The LASERVISION system is connected to a fast local-area network (LAN) and a high-end personal computer (the system becomes another node on the network). For automated composites manufacturing processes used in the aerospace industry, companies such as Electroimpact Inc. (Mukilteo, WA, US) typically purchase the system to use as a component in a large manufacturing cell. In these cases, Laservision doesn’t operate as a standalone system. Instead, it is integrated into the workcell’s control and data collection system, enabling it and the workcell’s equipment to work together, seamlessly.

Although the Laservision system has many benefits, it does have a few limitations. Because vision is a surface phenomenon, the flaw must have visible characteristics if it is to be “seen.” For example, the system may find it hard to detect very thin and transparent glass fibers or have trouble assessing if all the plies are in place in a schedule where layups are identical from one layer to the next. Unlike X-ray or ultra-sound inspection systems, it cannot detect flaws hidden deep within a part. For example, it cannot tell the operator if a core is attached to skins in a sandwich-panel composite. Another issue can be the imaging angle: the more “normal” (perpendicular to the surface plane) the angle is to the area of a part being imaged, the better; conversely, the more tangential the angle, the more challenges the system will have reading the area accurately.

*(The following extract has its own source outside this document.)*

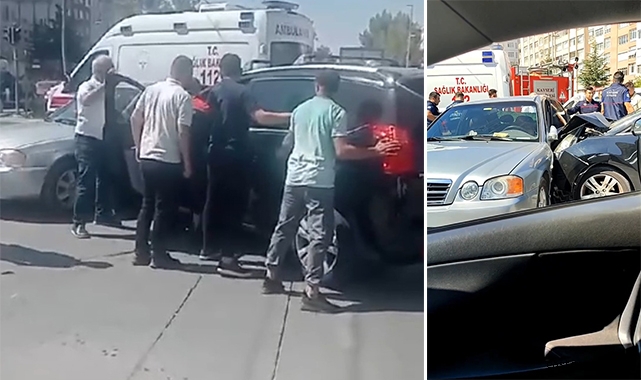 Tramvay yolunda zincirleme trafik kazası!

And customer willingness to implement new technology also can play a role. “FOD will always be visible at some point in the process. However, a customer who’s not willing to look at the bottom of each ply? Well ....” Blake quips, “that’s where the FOD is going to be.”

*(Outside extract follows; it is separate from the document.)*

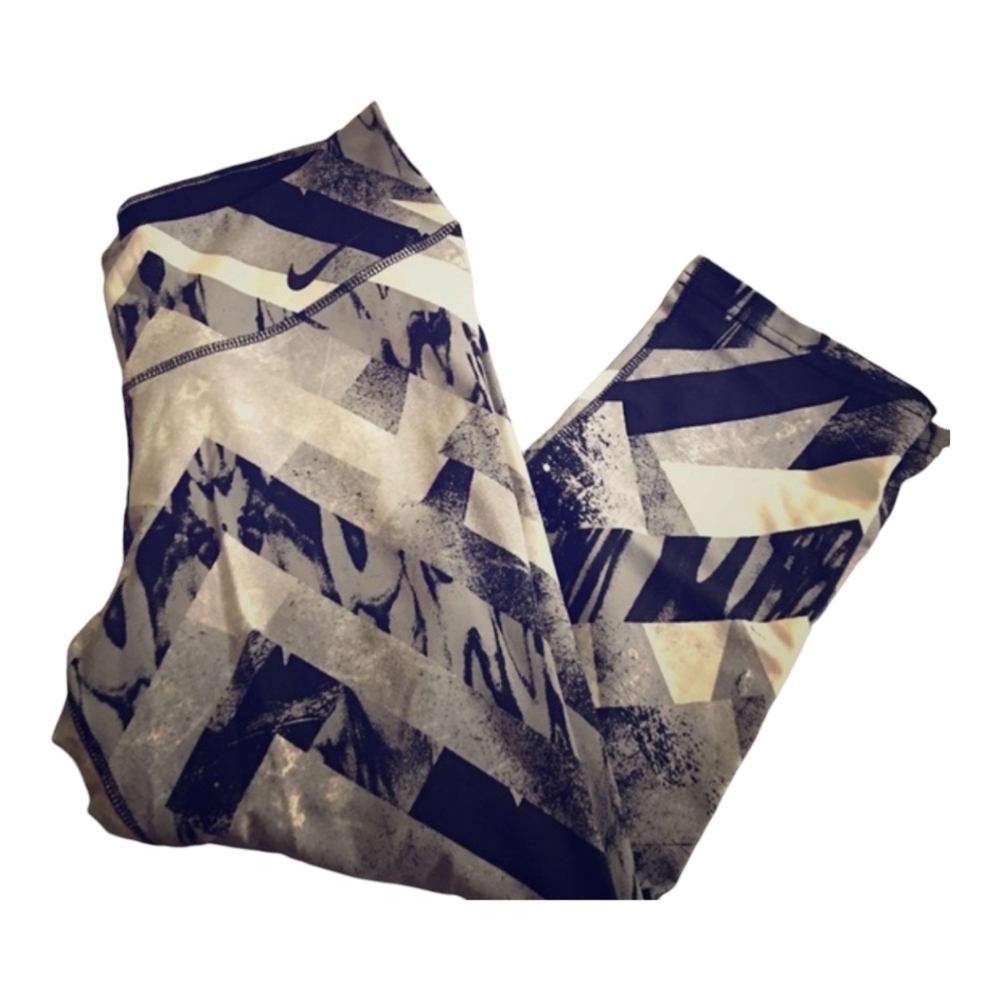 NIKE Crop Leggings- black, gray and white graphic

The high cost of not knowing

Given the size and cost of parts in the aerospace industry, where Aligned Vision does most of its business currently, the ability to catch critical flaws when they can be most readily remedied is easily cost-justified if, Blake argues, one is looking at the right data. “Complex repairs, scrap, and lengthy material review processes have extensive costs associated with them that are not captured by traditional accounting,” he points out. “When true costs are considered, our system — which is priced between US$100,000 and US$150,000 — quickly pays for itself by preventing a small number of flaws that would otherwise result in scrap or part failure.”

The systems’ value can increase when it becomes a node on a deep-learning network. Used in combination with other process- monitoring sensors and statistical process control (SPC) tools, it can help operators characterize flaws in terms of cause and frequency, and then operators can modify the process on all machines on that network to avoid errors of the same type in the future.

Furthermore, the level of detail provided by this system’s type of automatic documentation can pay dividends at any future point in the part’s service life.

“Twenty years from now, if there’s a problem with a part, your customer will know where every splice and gap is, along with resin and other fiber characteristics in every layer of that component,” Blake posits. “Memory is [virtually] free these days. It’s much better than a distracted human inspector entering a code to indicate that a part meets spec.”

Although it is established in aerospace and defense circles, the company’s system, Blake acknowledges, is so far only used in one auto industry production environment, although Formula 1 racing teams are said to be interested in the system’s ability to verify as-built fiber orientation because it can help them optimize next-generation parts. The carmakers who have looked at the system reportedly love what it can do.

So, will the automotive industry come to value this type of near-real time error detection as well? Few would argue that for composites to have a serious impact in automotive, two things are needed: cost reduction and quality improvements. Says Blake, “For me, quality improvement means building your part and knowing that everything about it is right and at the lowest cost.